▸ AIM OF THE TASK
Say how many lines of the entries below include "Picture", giving nothing but that number.

Collection entries
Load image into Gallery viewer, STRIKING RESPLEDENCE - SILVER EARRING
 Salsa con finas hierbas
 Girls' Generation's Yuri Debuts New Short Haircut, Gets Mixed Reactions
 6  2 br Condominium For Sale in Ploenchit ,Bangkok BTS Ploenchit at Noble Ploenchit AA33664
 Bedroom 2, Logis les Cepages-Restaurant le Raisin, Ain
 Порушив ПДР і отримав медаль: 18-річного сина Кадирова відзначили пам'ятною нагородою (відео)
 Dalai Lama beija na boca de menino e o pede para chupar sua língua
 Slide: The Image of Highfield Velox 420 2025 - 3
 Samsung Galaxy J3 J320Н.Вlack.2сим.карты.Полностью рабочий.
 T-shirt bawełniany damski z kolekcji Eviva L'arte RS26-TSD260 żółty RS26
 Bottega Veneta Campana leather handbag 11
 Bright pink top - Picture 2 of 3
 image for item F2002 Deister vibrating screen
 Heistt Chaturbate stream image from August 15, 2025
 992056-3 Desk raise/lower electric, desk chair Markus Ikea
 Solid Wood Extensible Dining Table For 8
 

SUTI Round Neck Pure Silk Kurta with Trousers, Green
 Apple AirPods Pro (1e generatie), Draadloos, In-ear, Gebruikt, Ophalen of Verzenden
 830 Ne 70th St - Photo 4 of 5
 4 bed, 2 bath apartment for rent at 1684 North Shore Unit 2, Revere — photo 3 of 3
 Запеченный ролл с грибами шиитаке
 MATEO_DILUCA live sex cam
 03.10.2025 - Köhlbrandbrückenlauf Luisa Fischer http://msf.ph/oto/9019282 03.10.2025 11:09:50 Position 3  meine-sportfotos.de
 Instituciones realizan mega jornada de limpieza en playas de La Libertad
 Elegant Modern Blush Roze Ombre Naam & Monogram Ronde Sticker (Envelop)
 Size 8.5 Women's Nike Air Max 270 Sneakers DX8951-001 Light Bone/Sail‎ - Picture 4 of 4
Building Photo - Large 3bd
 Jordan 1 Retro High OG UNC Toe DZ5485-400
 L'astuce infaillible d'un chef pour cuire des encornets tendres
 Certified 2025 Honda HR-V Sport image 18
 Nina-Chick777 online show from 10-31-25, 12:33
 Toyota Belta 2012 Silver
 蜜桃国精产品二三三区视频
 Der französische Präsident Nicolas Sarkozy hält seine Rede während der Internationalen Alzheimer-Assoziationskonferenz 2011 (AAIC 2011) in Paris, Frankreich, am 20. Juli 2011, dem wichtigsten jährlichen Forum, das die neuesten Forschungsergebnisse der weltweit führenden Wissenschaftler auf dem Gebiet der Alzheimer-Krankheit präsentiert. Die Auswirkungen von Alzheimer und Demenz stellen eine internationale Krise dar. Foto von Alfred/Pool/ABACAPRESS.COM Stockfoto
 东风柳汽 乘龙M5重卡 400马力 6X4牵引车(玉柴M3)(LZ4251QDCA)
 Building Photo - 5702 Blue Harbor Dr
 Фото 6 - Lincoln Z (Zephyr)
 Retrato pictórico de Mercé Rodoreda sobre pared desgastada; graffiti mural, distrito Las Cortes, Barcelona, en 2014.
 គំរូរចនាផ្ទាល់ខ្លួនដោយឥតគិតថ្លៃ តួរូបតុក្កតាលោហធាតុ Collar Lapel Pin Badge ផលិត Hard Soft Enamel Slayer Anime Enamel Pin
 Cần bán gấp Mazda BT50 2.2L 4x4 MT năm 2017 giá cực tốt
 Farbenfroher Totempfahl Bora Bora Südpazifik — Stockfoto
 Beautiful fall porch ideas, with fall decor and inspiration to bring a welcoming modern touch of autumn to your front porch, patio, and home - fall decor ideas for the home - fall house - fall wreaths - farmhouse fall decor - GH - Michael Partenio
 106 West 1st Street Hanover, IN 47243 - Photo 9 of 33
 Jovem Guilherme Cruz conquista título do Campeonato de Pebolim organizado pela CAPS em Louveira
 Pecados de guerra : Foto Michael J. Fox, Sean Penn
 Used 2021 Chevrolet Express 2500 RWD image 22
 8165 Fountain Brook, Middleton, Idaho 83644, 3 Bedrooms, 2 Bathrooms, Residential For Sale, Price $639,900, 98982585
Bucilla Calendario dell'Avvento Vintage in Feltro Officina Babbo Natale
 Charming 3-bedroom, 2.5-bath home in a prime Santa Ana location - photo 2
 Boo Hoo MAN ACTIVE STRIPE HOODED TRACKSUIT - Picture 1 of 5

▸ THE ANSWER
3